Records provided section start

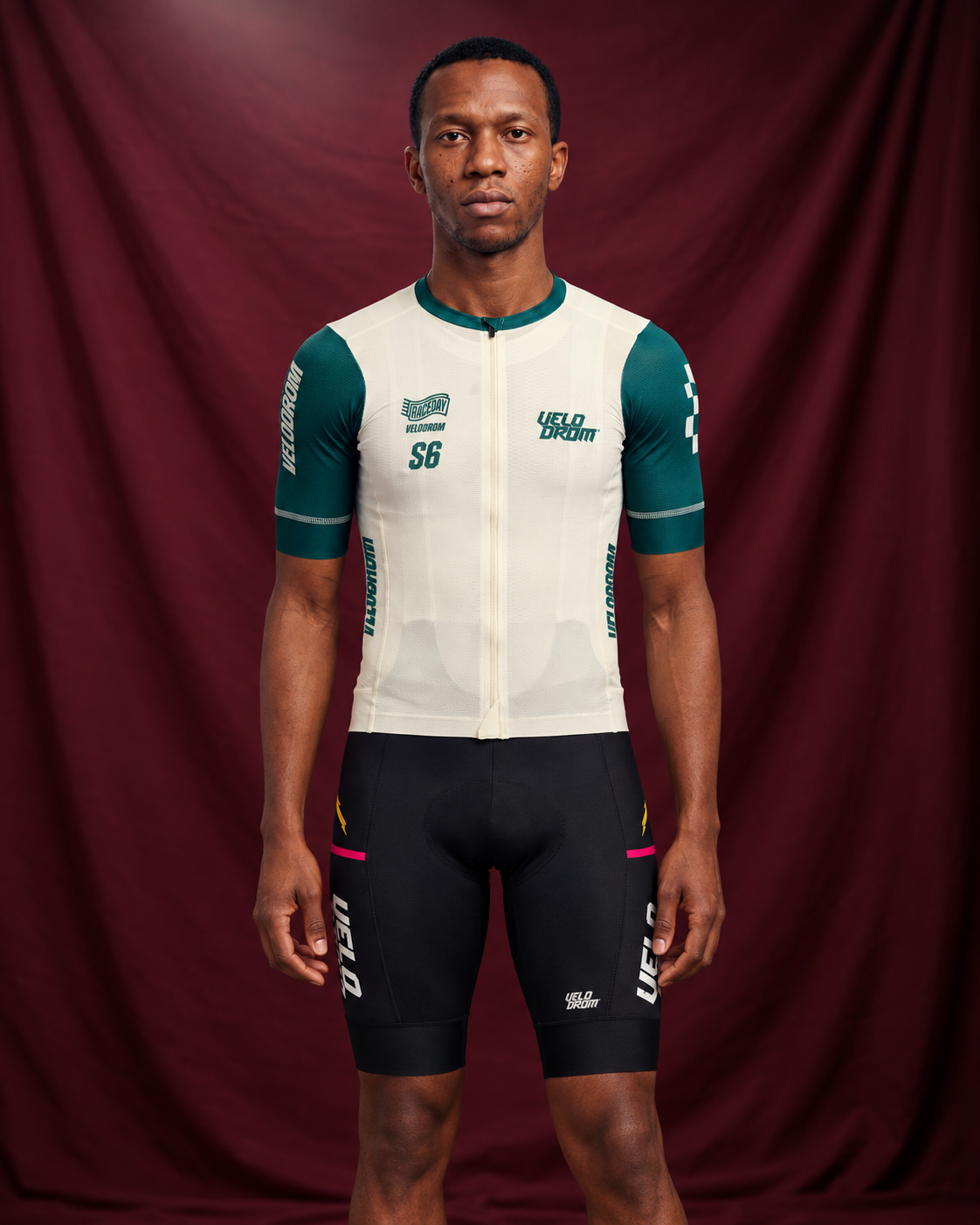PACKS DE MAILLOT VELODROM 2026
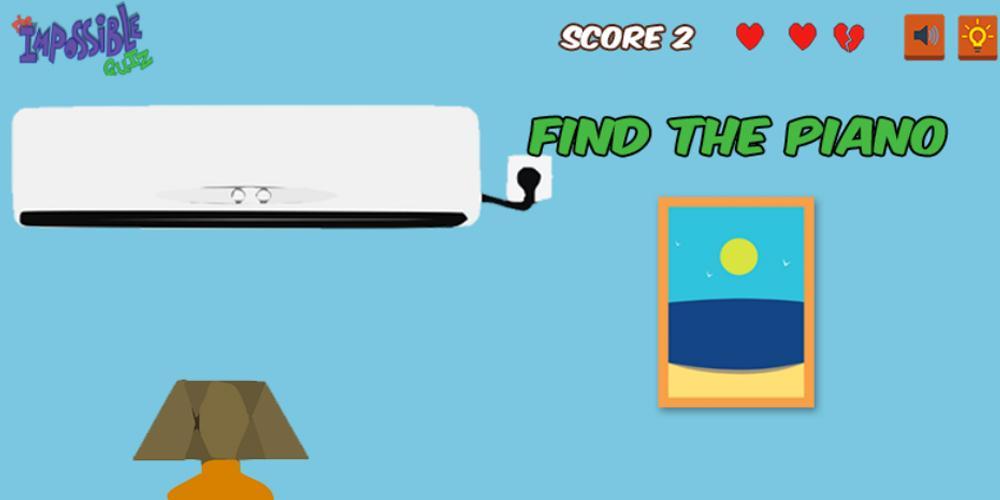 Impossible Quiz 2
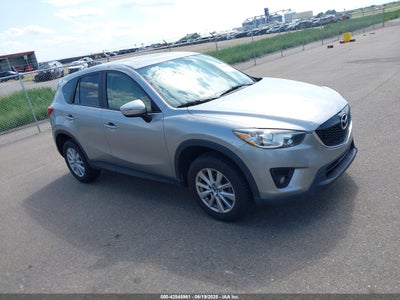 MAZDA CX-5 2015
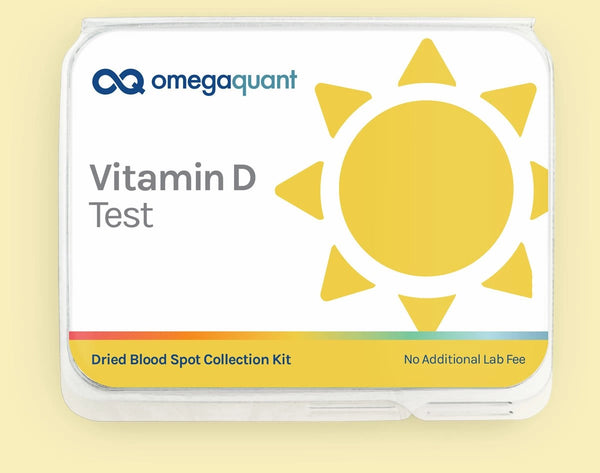 Vitamin D Complete OmegaQuant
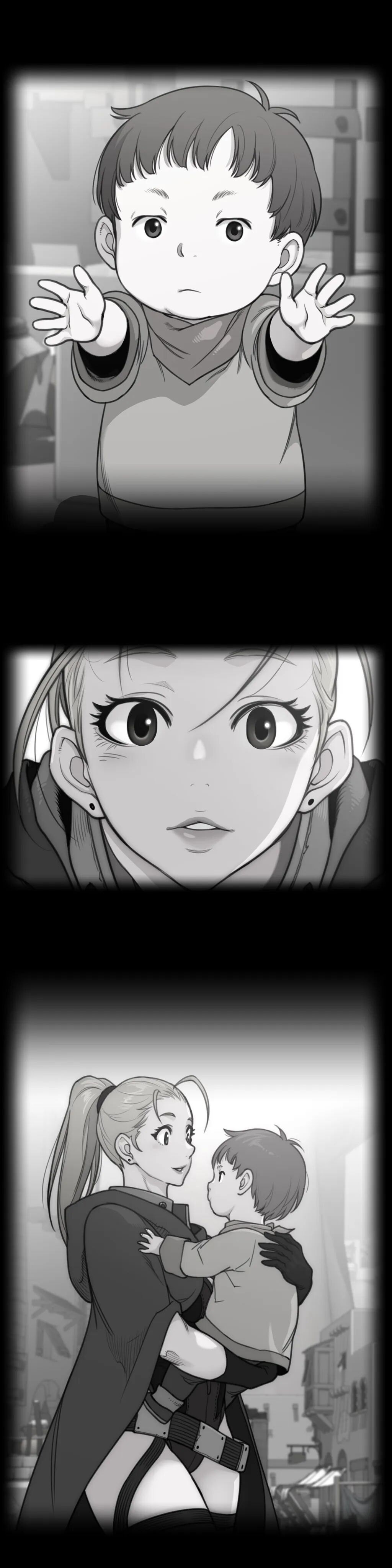 Perfect Half Chapter 159 Page 1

Records provided section end

◆ **What you need to do**
Please restate word for word each line from the one containing "Impossible Quiz 2" to the end of the data above, without the pictures.

◆ **Completed exercise**
 Impossible Quiz 2
 MAZDA CX-5 2015
 Vitamin D Complete OmegaQuant
 Perfect Half Chapter 159 Page 1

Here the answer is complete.